By Todd Shriber & Tom Lydon
Political conflict in Ukraine has claimed nearly 80 lives, while fighting between police and anti-government protesters is also punishing the country's sovereign debt.
Ukraine bonds did rally Friday with short-term bonds due in June jumping to 96 cents on the dollar from just over 93 cents on Thursday. However, considerable damage has been done as Standard & Poor's slashed its rating on Ukraine to CCC from CCC+ with a negative outlook. Bloomberg reported citing a statement by S&P:
"We now believe it is likely that Ukraine will default in the absence of significantly favourable changes in circumstances, which we do not anticipate."

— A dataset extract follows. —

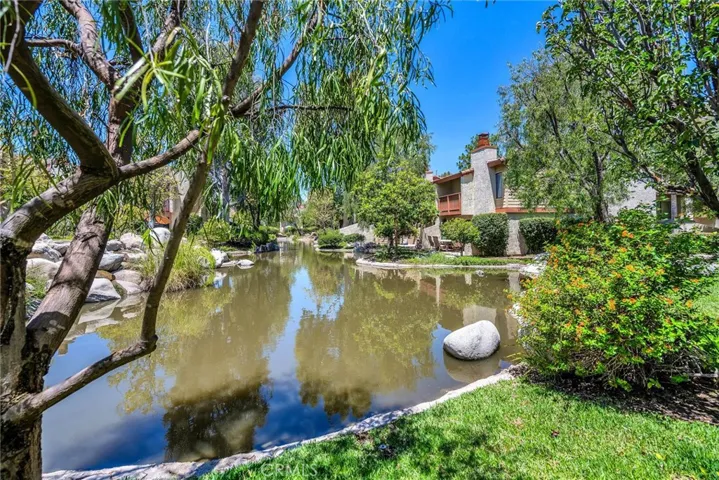 21555 Burbank Boulevard 47, Woodland Hills, California 91367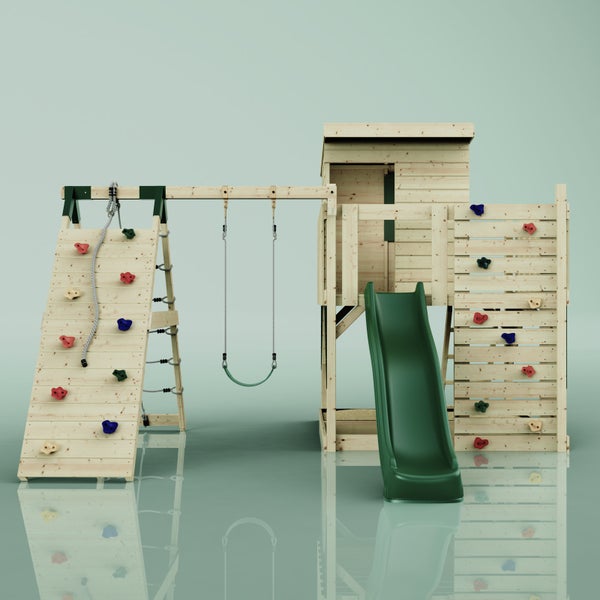 Spielturm aus Holz mit integriertem Spielhaus, Rutsche, Schaukel, Sandkasten und einem Kletterelement mit Netz.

The ratings agency added political tensions in Ukraine put;
"the government's capability to meet debt service at increasing risk, and raises uncertainty regarding the continued provision of Russian financial support over the course of 2014."
Ukraine's currency, the hryvnia, is off 10% year-to-date, worsening the country's current account deficit at a time when some investors are concerned with Ukraine's dwindling foreign currency reserves.
The Ukraine crisis and the Russian central bank's reluctance to defend the ruble to the satisfaction of international investors has also plagued Russian assets. Although it is up more than 4% this month, the Market Vectors Russia ETF (NYSEARCA:RSX) lost 3.1% from Feb. 14 through Feb. 20.
Some emerging market bond ETFs featuring decent-sized combined allocations to Russian and Ukraine have held up as well as could be expected. Not including Friday's gains, the iShares Emerging Markets High Yield Bond ETF (BATS:EMHY) is up nearly 2% this month.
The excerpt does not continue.